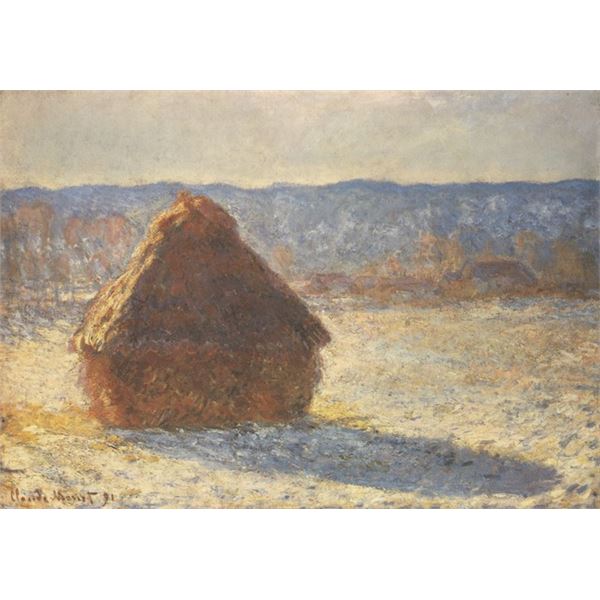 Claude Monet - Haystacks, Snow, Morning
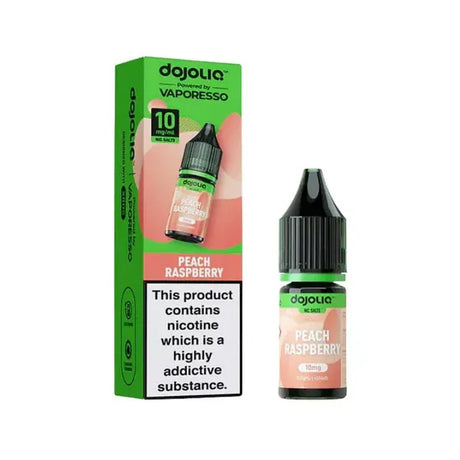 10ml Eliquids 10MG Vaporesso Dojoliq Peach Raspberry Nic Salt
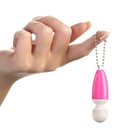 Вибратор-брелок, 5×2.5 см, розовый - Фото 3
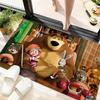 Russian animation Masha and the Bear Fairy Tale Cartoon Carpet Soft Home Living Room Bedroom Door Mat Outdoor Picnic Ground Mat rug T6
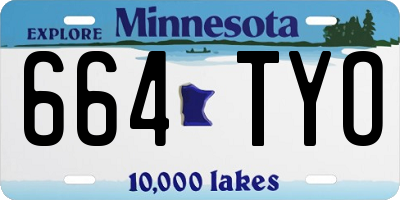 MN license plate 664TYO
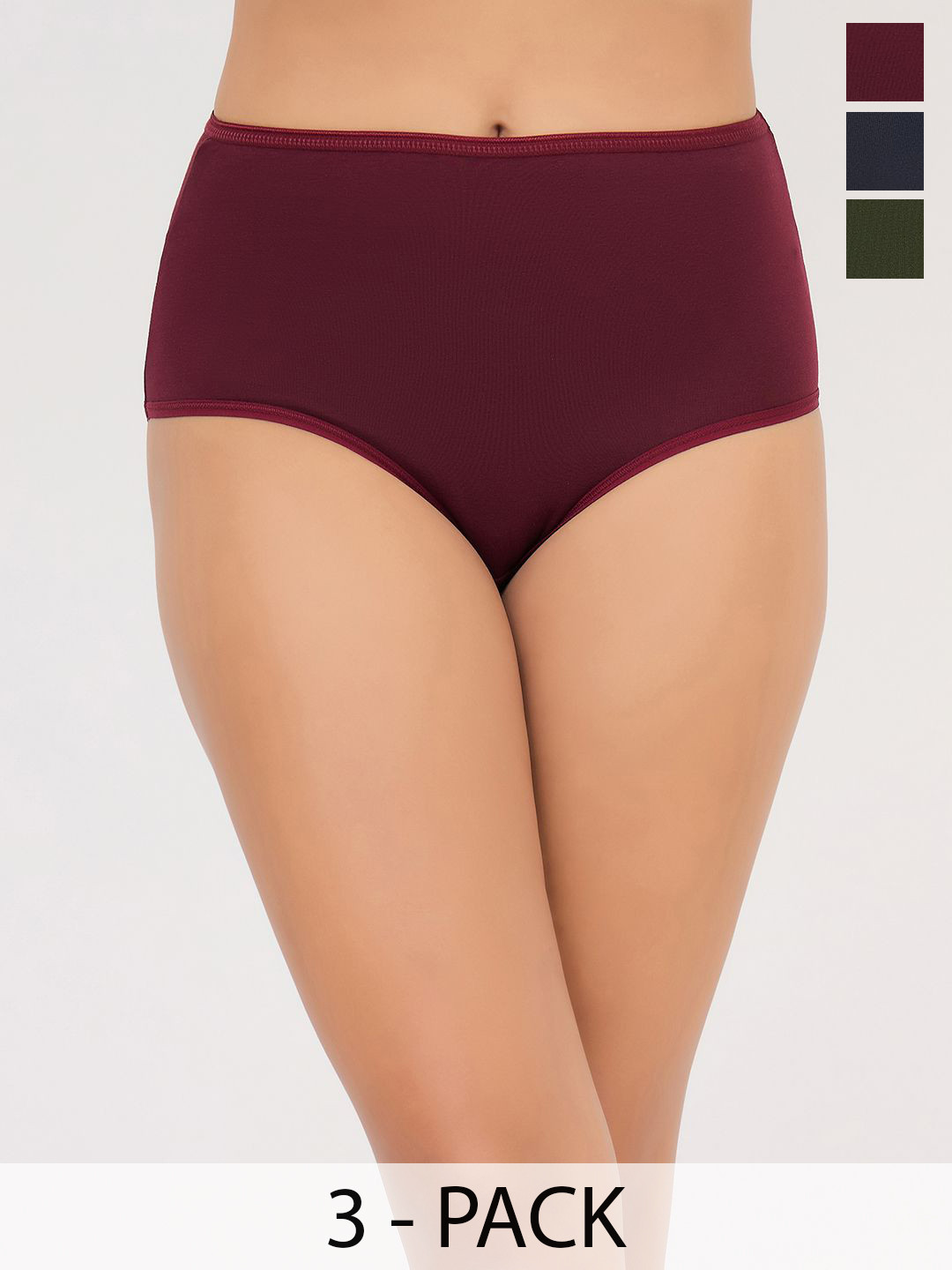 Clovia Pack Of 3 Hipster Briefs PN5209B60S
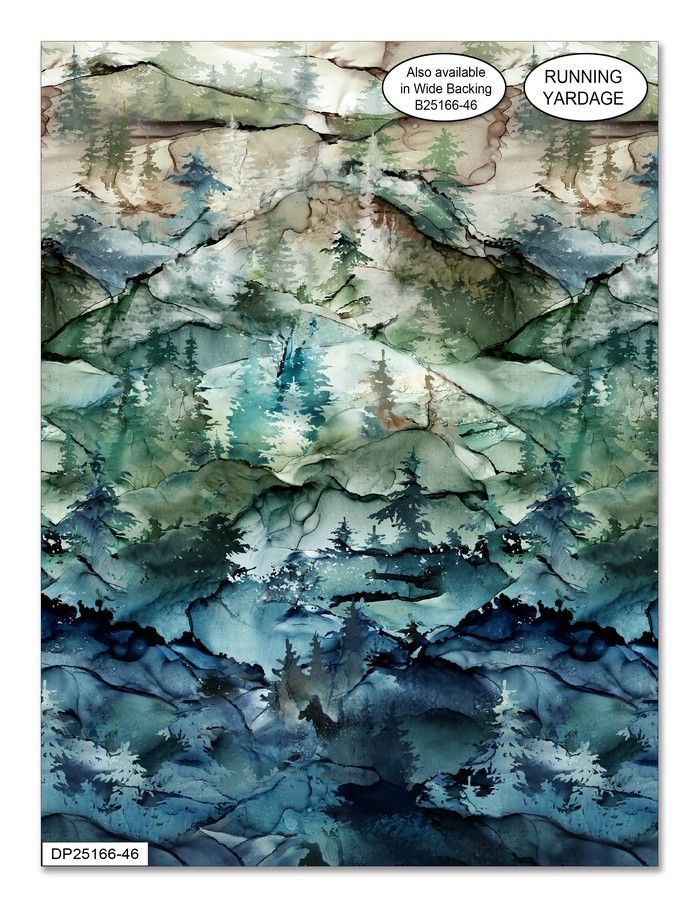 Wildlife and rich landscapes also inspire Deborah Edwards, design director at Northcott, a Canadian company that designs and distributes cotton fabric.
——
• YOUR ASSIGNMENT
Would you please copy the material exactly, leaving all the pictures out?

• OUTPUT FOR THIS TASK
 Claude Monet - Haystacks, Snow, Morning
 10ml Eliquids 10MG Vaporesso Dojoliq Peach Raspberry Nic Salt
 Вибратор-брелок, 5×2.5 см, розовый - Фото 3
 Russian animation Masha and the Bear Fairy Tale Cartoon Carpet Soft Home Living Room Bedroom Door Mat Outdoor Picnic Ground Mat rug T6
 MN license plate 664TYO
 Clovia Pack Of 3 Hipster Briefs PN5209B60S
 Wildlife and rich landscapes also inspire Deborah Edwards, design director at Northcott, a Canadian company that designs and distributes cotton fabric.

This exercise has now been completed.